Good morning all. I actually woke up a minute before my alarm today. I feel well rested and while I am looking forward to my coffee, it isn’t a desperate longing. I actually got enough sleep last night. It feels a little strange to be honest. Usually I am not ready to face the morning but wishing it would hold off its expectations for a few more hours. I feel slightly off balance. But nevertheless, we will go forward into the morning. Ready for the prompt? Good, then let’s see what comes out of the brain today.
Interesting. I actually have a place I can use a part of this to be honest. It will need cleaning up, and isn’t all that dramatic, but I can definitely use it. Always a plus.
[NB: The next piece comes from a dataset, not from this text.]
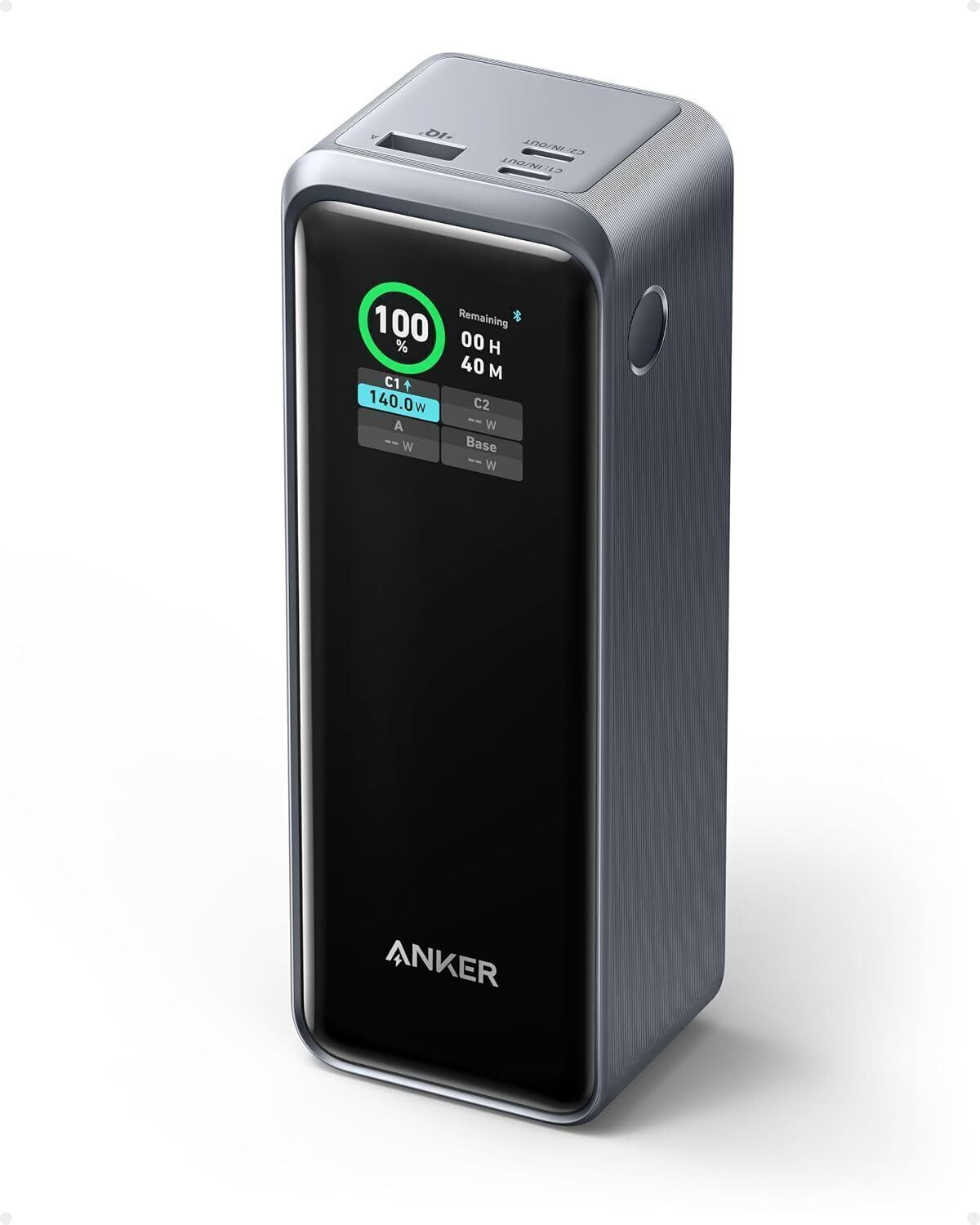 Test de la puissante batterie Anker Prime 27650mAh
Monday, July 18th: The Empire could breathe again.
The Empire could breathe again. With someplace to send their excess population, the overcrowding that was nearly their downfall had a remedy. The problem was how to convince people to go. The right people of course.
They started with those who craved adventure. Those who felt that the main body of the Empire was too stifling. Recruitment speeches featuring tales of adventure and opportunity were featured in every drawing room, salon and town lecture hall.
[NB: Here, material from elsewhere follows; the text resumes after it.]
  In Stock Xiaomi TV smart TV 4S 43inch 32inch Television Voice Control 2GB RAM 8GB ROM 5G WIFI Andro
Many took to the speak. Second and third sons with hale and hearty parents and older siblings and those who simply had a restlessness within them soon took up the call. But it wasn’t enough. Calling on the upper classes alone would not help with clearing out the most overcrowded areas of the densely packed cities.
Those in charge switched tactics. Opportunity as well as adventure now awaited, the word foremost on the tongue of those recruiting. Opportunity for a better life, to escape the grinding poverty of their current circumstances to live as they wanted to live. It was an addictive elixir.
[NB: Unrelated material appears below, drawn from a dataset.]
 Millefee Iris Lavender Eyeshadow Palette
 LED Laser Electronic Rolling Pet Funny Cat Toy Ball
Ships filled with the eager began to leave the docks like flocks of birds departing for the winter. Not all of them survived the journey, but there were always more to send. Someone saw the death rate and began to have the idea of sending criminals as well as the willing. The jails were overcrowded and the scaffolds groaning,. This at least offered the opportunity of reprieve without allowing them back on the streets.
Many of them would die in transport too, but those that survive would have their labor put to good use. It turned out carving out a new life in a land so far from anything they were used to was difficult work.
Gradually the Empire began to breathe again. There was space, and many of those causing issues had simply been sent away. Then as a miracle, the opportunities they used as propaganda began to bear fruit. Amidst the hard labor and difficulties, profit was found. It flowed in a steady stream of taxes and the Empire felt pleased with itself. It had solved one of it’s greatest problems and benefited greatly in doing so.
But then things began to change. Those sent over because they wanted a different life from that found within the heart of the Empire, began crafting a different sort of life. Those who chafed at the restrictions placed upon them left those restrictions behind. Gradually those who left became something other, something new, something different than the Empire.